REQUIRED ACTION: Check every line of the data below for "Patient". Copy each one that has it.

GIVEN INFORMATION:

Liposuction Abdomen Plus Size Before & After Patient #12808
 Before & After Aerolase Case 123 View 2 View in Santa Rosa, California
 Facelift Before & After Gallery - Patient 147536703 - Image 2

ANSWER FOR THE TASK:
Liposuction Abdomen Plus Size Before & After Patient #12808
 Facelift Before & After Gallery - Patient 147536703 - Image 2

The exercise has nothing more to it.